Of course, the left will ignore the hard science and embrace the “blame US industry” and “blame Bush” for not signing up for the flawed Kyoto Accord.
Unusually high solar “X-flare” activity may explain the unusually intense 2005 hurricane season. The numbers and intensity of the flares since the last solar maximum have relentlessly bombarded the Earth with high-energy particles and magnetic flux. The effect of these flares includes a high number of hurricanes, and lightning in the eyewalls of the most intense storms.
First, the cause:
[On September 7, 2005] a huge sunspot rounded the sun’s eastern limb. As soon as it appeared, it exploded, producing one of the brightest x-ray solar flares of the Space Age. In the days that followed, the growing spot exploded eight more times. Each powerful “X-flare” caused a shortwave radio blackout on Earth and pumped new energy into a radiation storm around our planet. The blasts hurled magnetic clouds toward Earth, and when they hit, on Sept 10th and 11th, ruby-red auroras were seen as far south as Arizona. (Photo: the skies above Payson AZ on Sept. 11, 2005. Photo credit: Chris Schur.)
. . .
“That’s a lot of activity,” says solar physicist David Hathaway of the National Space Science and Technology Center in Huntsville, Alabama.
Compare 2005 to the most recent Solar Max: “In the year 2000,” he recalls, “there were 3 severe geomagnetic storms and 17 X-flares.” 2005 registers about the same in both categories. Solar minimum is looking strangely like Solar Max.
One unusual effect:
January 9, 2006: The boom of thunder and crackle of lightning generally mean one thing: a storm is coming. Curiously, though, the biggest storms of all, hurricanes, are notoriously lacking in lightning. Hurricanes blow, they rain, they flood, but seldom do they crackle.
Surprise: During the record-setting hurricane season of 2005 three of the most powerful storms–Rita, Katrina, and Emily–did have lightning, lots of it. And researchers would like to know why.
Right: An infrared GOES 11 satellite image of Hurricane Emily. Yellow + and – symbols mark lightning bolts detected by the North American Lightning Detection Network. The green line traces the path of the ER-2 surveillance aircraft.

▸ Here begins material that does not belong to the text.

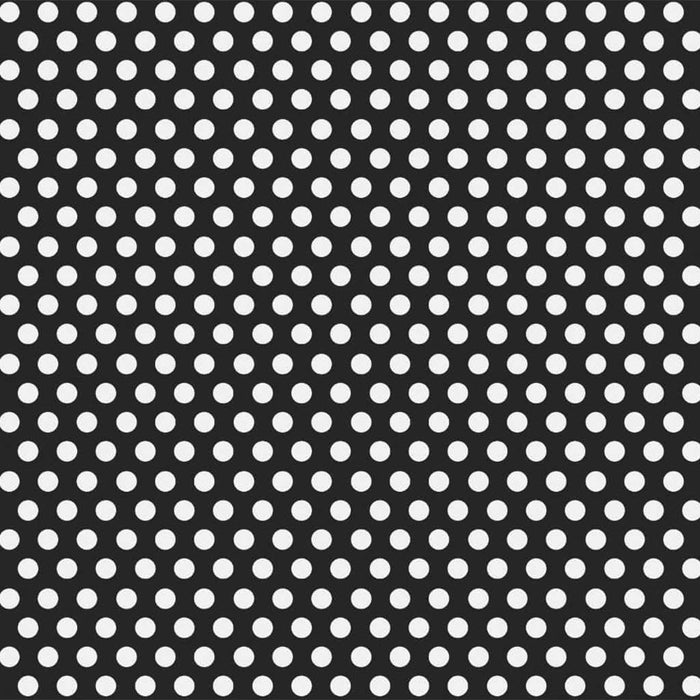 Gift Wrap 30in x 5ft, Midnight Black Dots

Lightning has been seen in hurricanes before. During a field campaign in 1998 called CAMEX-3, scientists detected lightning in the eye of hurricane Georges as it plowed over the Caribbean island of Hispaniola. The lightning probably was due to air forced upward — called “orographic forcing” — when the hurricane hit the mountains.
“Hurricanes are most likely to produce lightning when they’re making landfall,” says Blakeslee. But there were no mountains beneath the “electric hurricanes” of 2005—only flat water.